Regularized solution to fast GPS ambiguity resolution

In rapid global positioning systems (GPS) positioning one of the key problems is to quickly determine the ambiguities of GPS carrier phase observables. Since carrier phase observations are generally collected only for a few minutes in the mode of rapid GPS positioning, the least squares floating solution of the ambiguities will be highly correlated and the decorrelation approach has often been used in order to reduce the search space of integer ambiguities. In this paper we propose a regularized algorithm as an alternative approach to decorrelation, and compute the regularization parameter by minimizing the trace of mean squared errors.

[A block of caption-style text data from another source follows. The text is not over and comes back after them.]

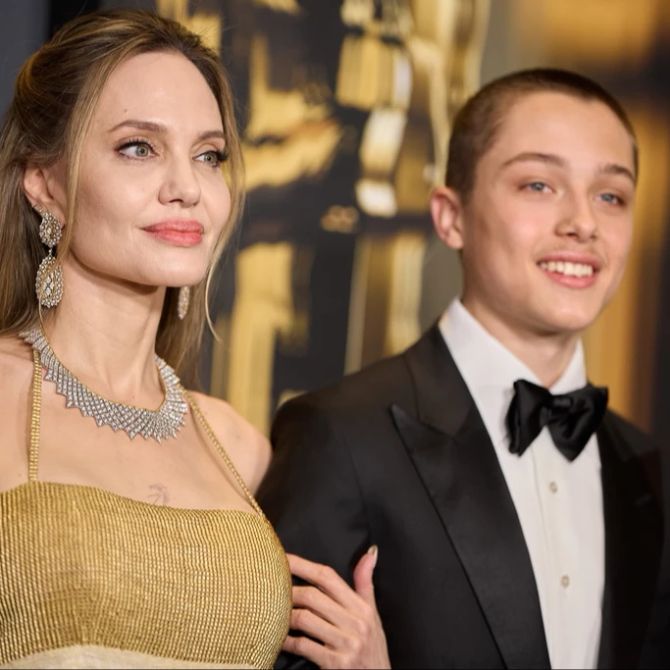 Angelina Jolie Sohn Knox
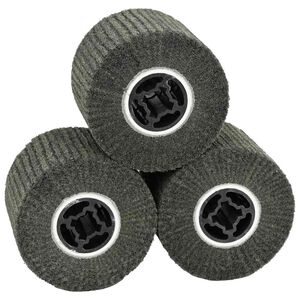 vidaXL &Lambda;&epsilon;&iota;&alpha;&nu;&tau;&iota;&kappa;&omicron;ί &Rho;&omicron;&lambda;&omicron;ί 3 pcs &Mu;&alpha;ύ&rho;&omicron; 12 x 12 x 10 &epsilon;&kappa;. &Sigma;&upsilon;&nu;&theta;&epsilon;&tau;&iota;&kappa;έ&sigmaf; ί&nu;&epsilon;&sigmaf;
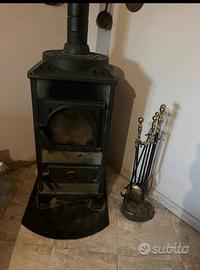 Stufa legna castelmonte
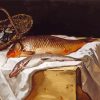 Still Life With Fish By Frederic Bazille Diamond Painting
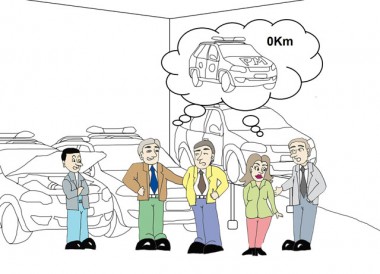 Viaturas das PM est&atilde;o sucateadas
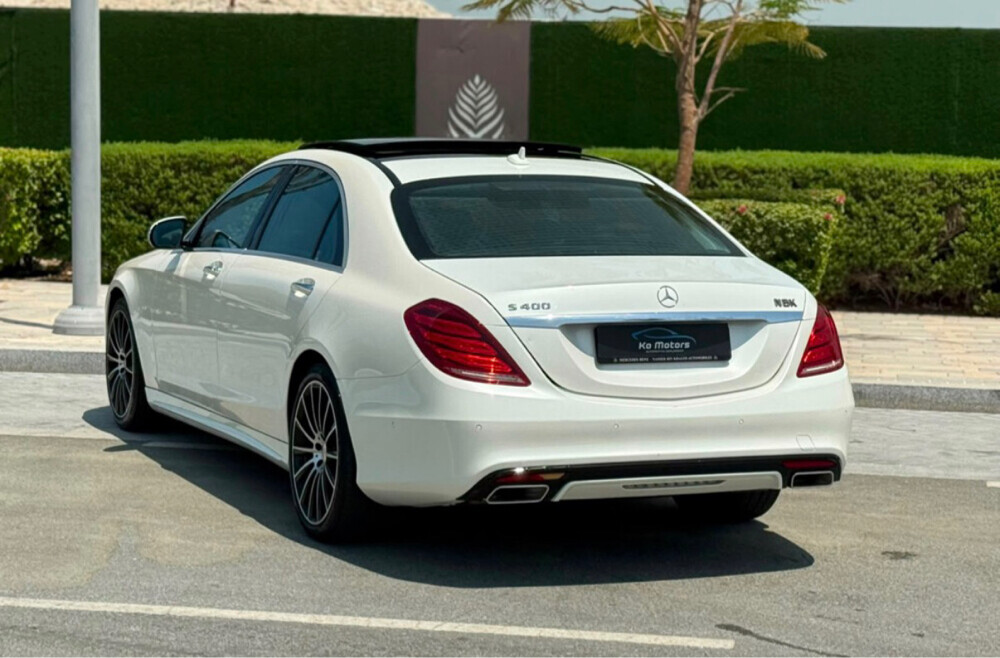 S 400 AMG - 7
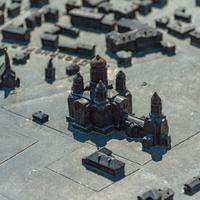 Макет старого Иркутска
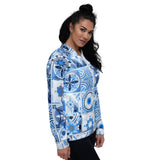 Chaqueta bomber all over unisex"style"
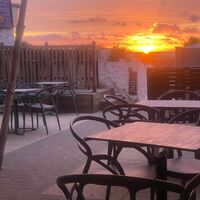 Royal standard sunset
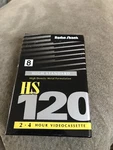 Radio Shack HS120 Tape 44-471 Videocassette New Sealed 8MM Japan 2-4 Hour. Fixed Price $9.00.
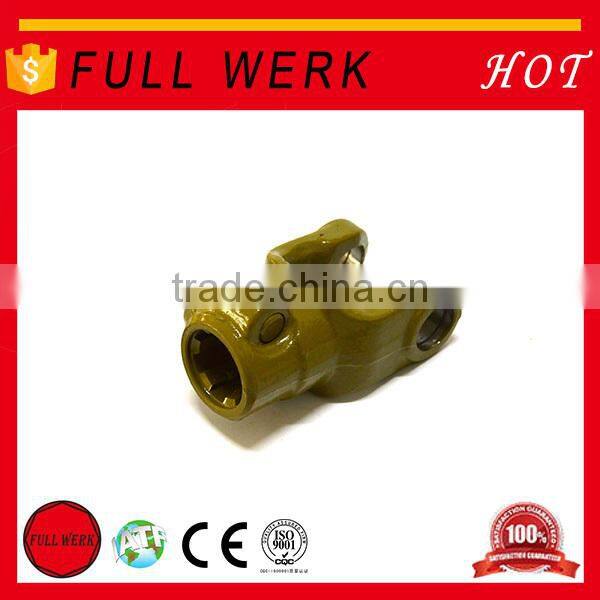 China custom best yellow colord end yokes for pto shaft in alibaba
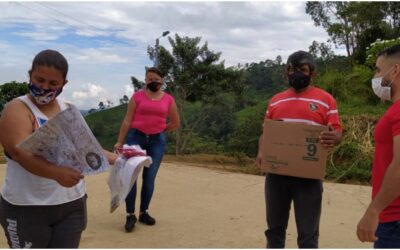 Secretaría de Desarrollo Social entregará 240 kits personales a familias rurales de Bucaramanga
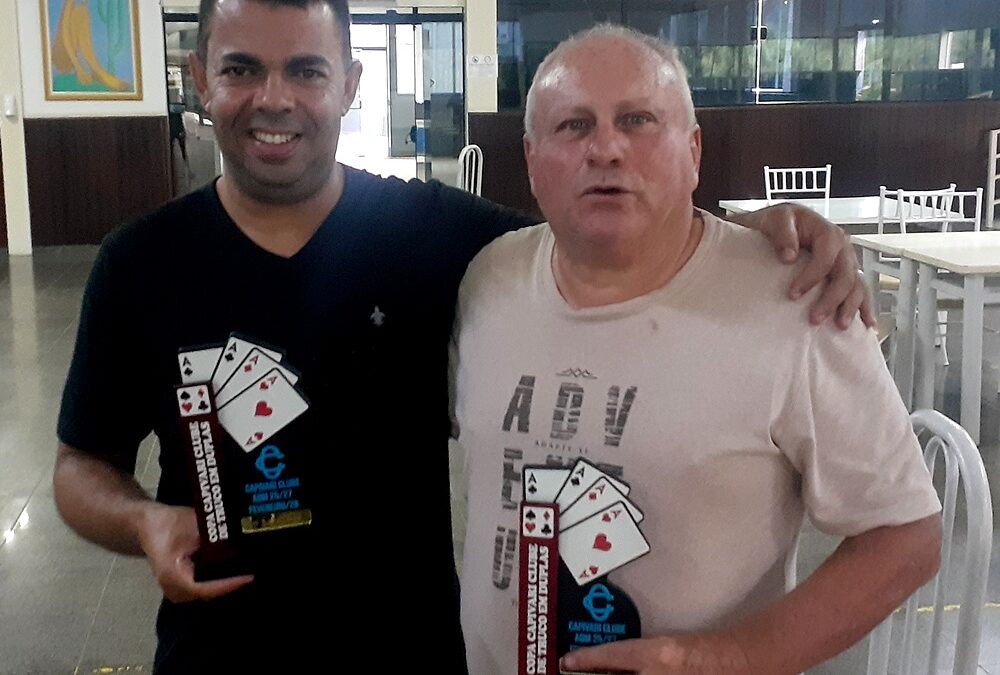 Copa Capivari Clube de truco, em duplas – 1.º semestre de 2026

Since regularization has been essential to solve inverse ill-posed problems and shown to be very significant in reducing the condition number of normal matrices, we will explore possible applications of regularization for improving the high correlation of the estimated float ambiguities. Numerical experiments with 50 epochs of single frequency observations show that the condition number after regularization reduces to half of that of the floating solution if the ambiguities could be known to 2-3 cycles. If better knowledge about the ambiguities could be obtained to within 1 cycle, further improvement can be achieved. The results indicate that regularization could be used for fast GPS ambiguity resolution. Our experiments also demonstrate that a scale factor of about 8 is needed to multiply the estimated variance of unit weight for obtaining a reasonable estimator for the accuracy of float ambiguities.